Potential benefits for numerous medical populations
Scientists have found a way to transform brain signals into spoken words and sentences.
A group of researchers from the University of California at San Francisco believes the approach could someday help people who have lost the ability to speak or gesture, according to a report in the journal Nature.
“Finding a way to restore speech is one of the great challenges in neurosciences,” says Dr. Leigh Hochberg, a professor of engineering at Brown University who wasn’t associated with the study. “This is a really exciting new contribution to the field.”
Currently, people who are paralyzed and can’t speak or gesture often rely on eye movements or a brain-controlled computer cursor to communicate. These methods allow them to spell out words one letter at a time.
“It’s not the most efficient way to communicate,” says Dr. Edward Chang, a neurosurgeon at UCSF and an author of the study.
Indeed, that approach allows a person to type fewer than 10 words a minute, compared with speaking about 150 words per minute with natural speech.
Scientists have been looking for a way to let paralyzed patients produce entire words and sentences as if they were talking.

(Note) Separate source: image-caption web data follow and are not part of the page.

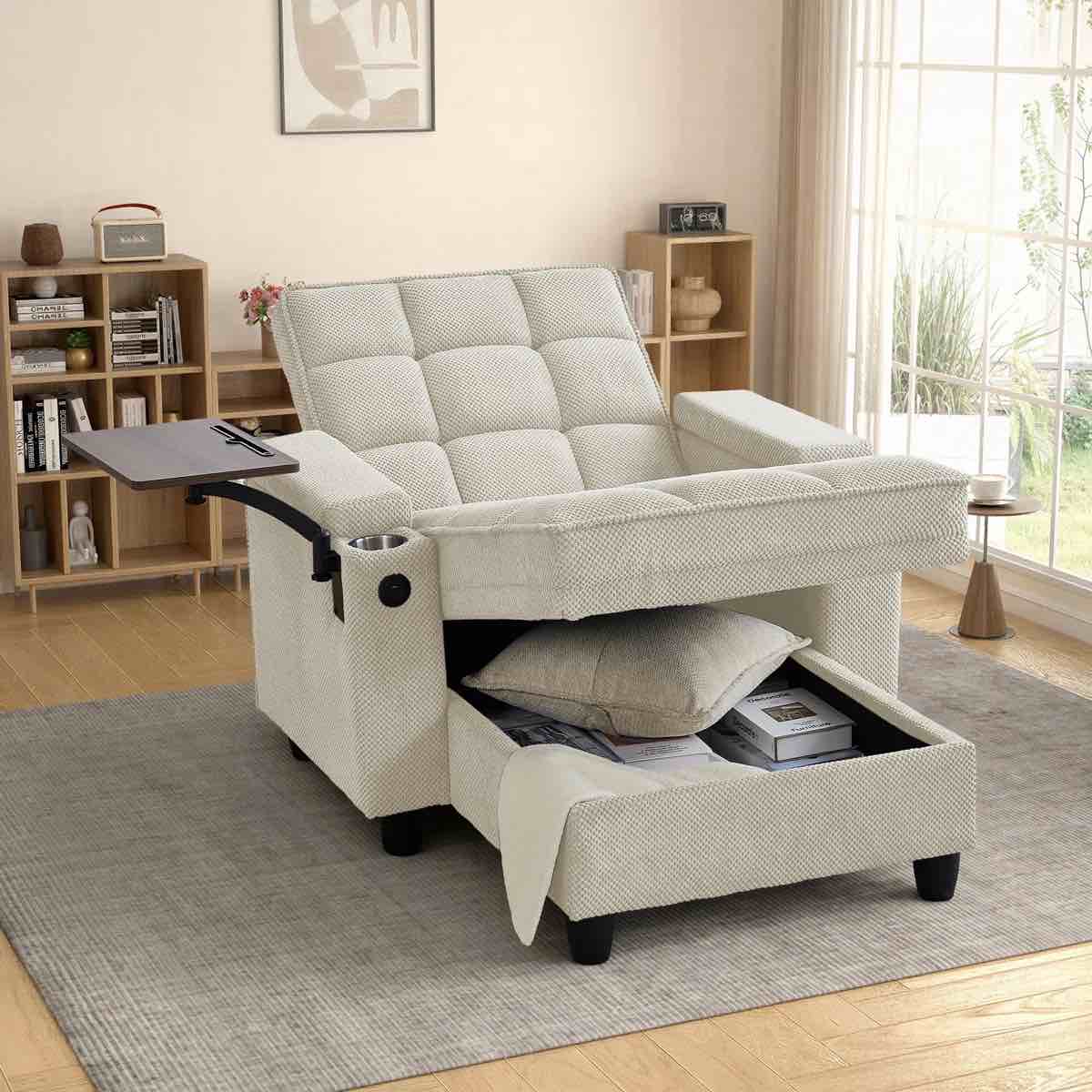 Condition photo showing Good Condition for 41.5 Convertible Chair Single Sleeper with USB Type-C, 2 Cup Holders, Side Table, Under-seat Storage\u0026Storage Armrests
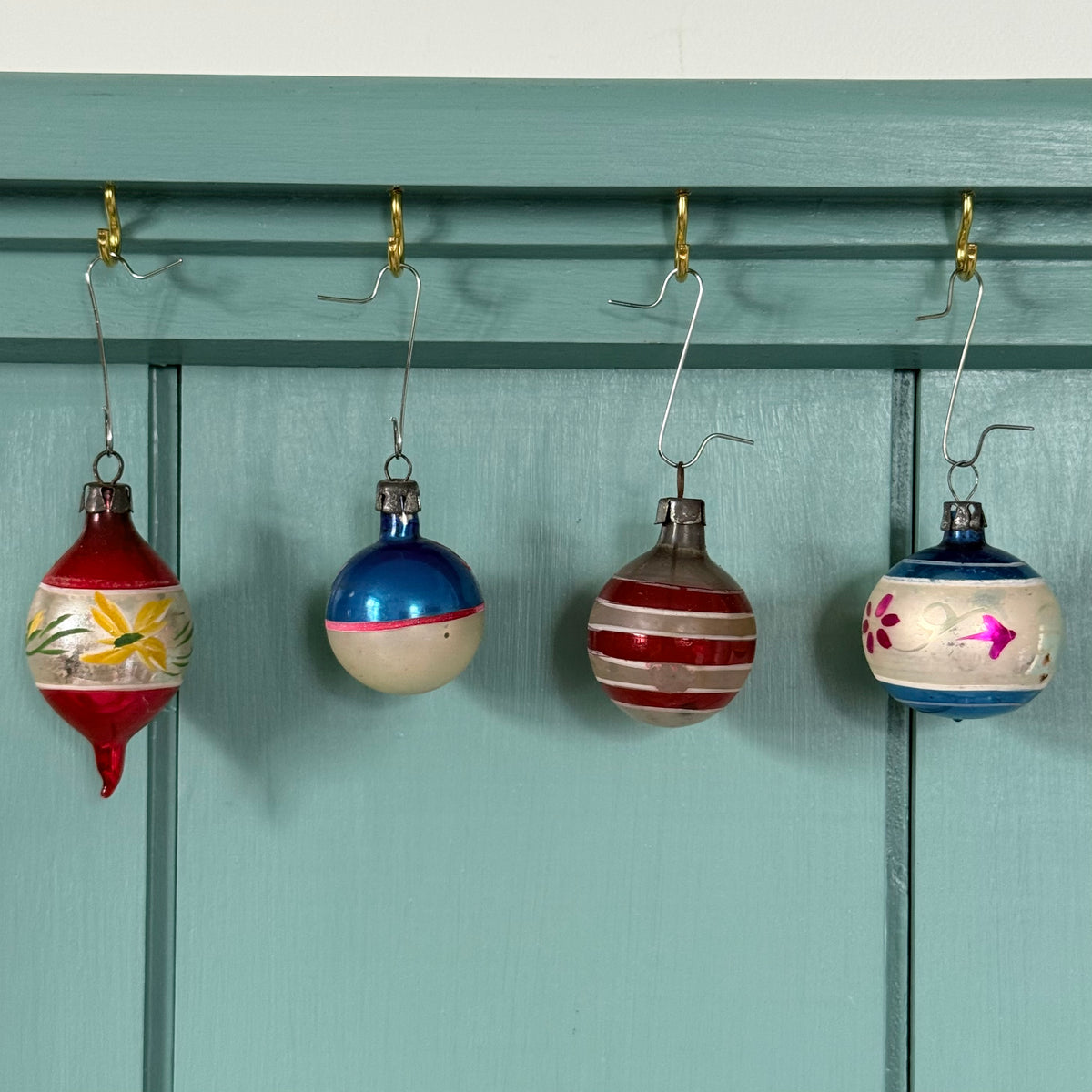 Boxed Set of 12 Miniature Vintage Glass Christmas Baubles
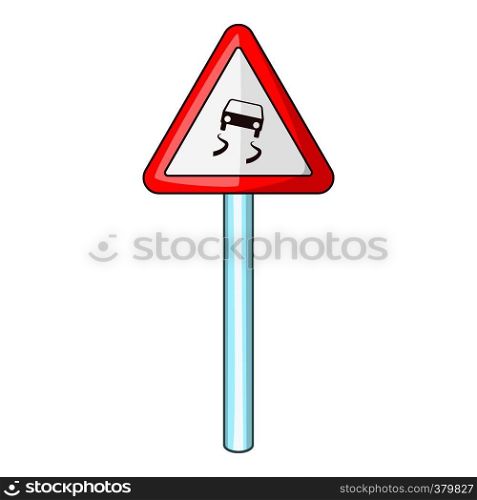 Slippery when wet road sign icon. Cartoon illustration of slippery when wet road sign vector icon for web. Slippery when wet road sign icon, cartoon style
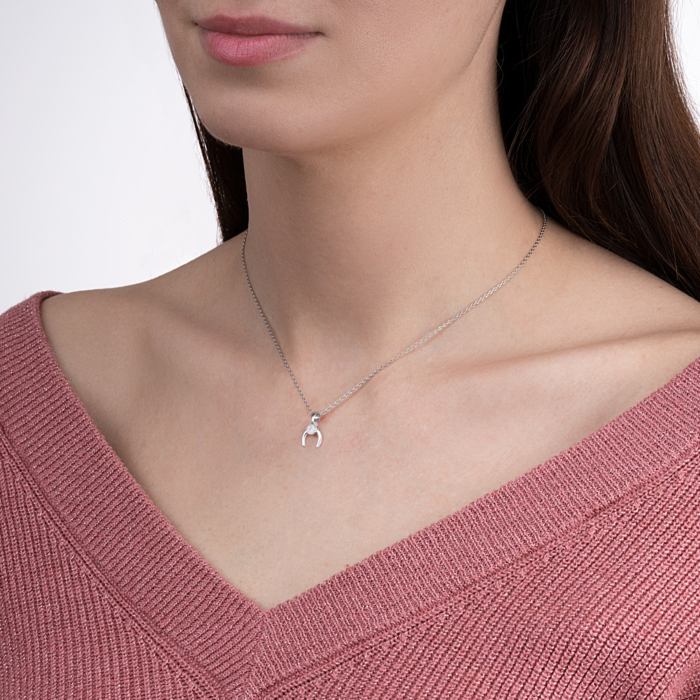 Срібна підвіска з фіанітами. Артикул 35350/12/1/1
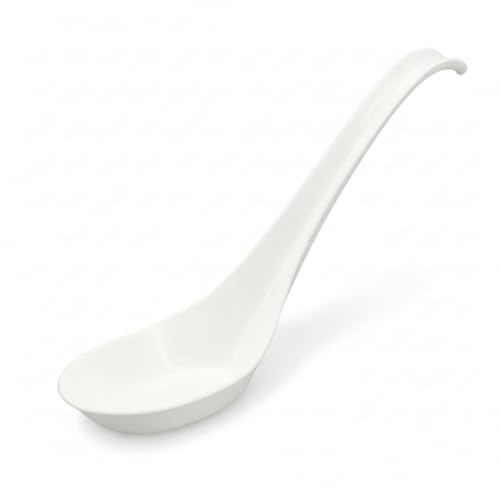 50 Pack Disposable Asian Soup Spoons with Hook - Eco-Friendly Cornstarch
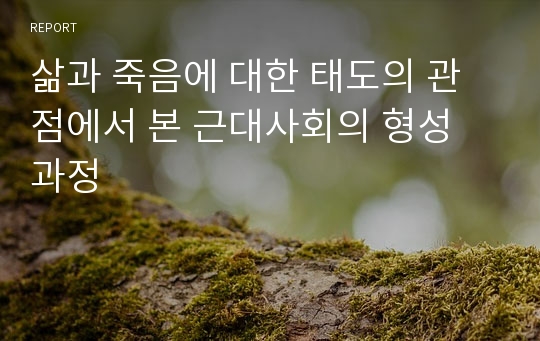 삶과 죽음에 대한 태도의 관점에서 본 근대사회의 형성 과정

Studying volunteers with severe epilepsy, the researchers temporarily placed electrodes on their brain surfaces to locate the area causing seizures.
As the volunteers read sentences aloud, scientists recorded signals from the brain’s speech centers, which control muscles in the tongue, lips, jaw, and larynx.
Dr. Chang hopes to try the approach soon in patients who have lost the ability to speak. The National Institutes of Health’s BRAIN Initiative was the primary funder for the research.